Limitations of Static Plotting with Matplotlib#

You will agree that using matplotlib for static plotting is great for reports, but that it’s lacking some features for interactive visualisation.

ts["onwind [pu]"].plot(figsize=(10, 2))
<Axes: >
_images/079d0c43ecca6bc03ffcae2b6833ca97d03a448a16086f0c11f012725b131bd2.png

There are many Python-based interactive plotting libraries out there, and it can be confusing to keep an overview. This tutorial introduces you to two of them:

These two tools allow you to produce shiny interactive figures with minimal code, however, at the expense of fewer customisation options.

hvPlot#

.hvplot() is a powerful and interactive Pandas-like .plot() API. You just replace .plot() with .hvplot() and you get an interactive figure. Simple as that.

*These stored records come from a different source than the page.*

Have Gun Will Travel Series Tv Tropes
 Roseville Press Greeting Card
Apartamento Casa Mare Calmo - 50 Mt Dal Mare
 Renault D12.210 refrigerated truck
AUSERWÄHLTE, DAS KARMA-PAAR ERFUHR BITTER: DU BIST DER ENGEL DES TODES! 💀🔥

Documentation can be found here: https://hvplot.holoviz.org/index.html

To use it, we have to import hvplot.pandas, which makes the .hvplot accessor available on Pandas DataFrame and Series objects, which means that after that df.hvplot becomes a valid statement while before that it would raise an error.

import hvplot.pandas

Let’s try it by plotting onshore wind time series for the year…

# for Google Colab add:
# hv.extension('bokeh')
ts["onwind [pu]"].hvplot(height=200)

… or the load time series for February

# for Google Colab add:
# hv.extension('bokeh')
ts.loc["2015-02", "load [GW]"].hvplot(height=200)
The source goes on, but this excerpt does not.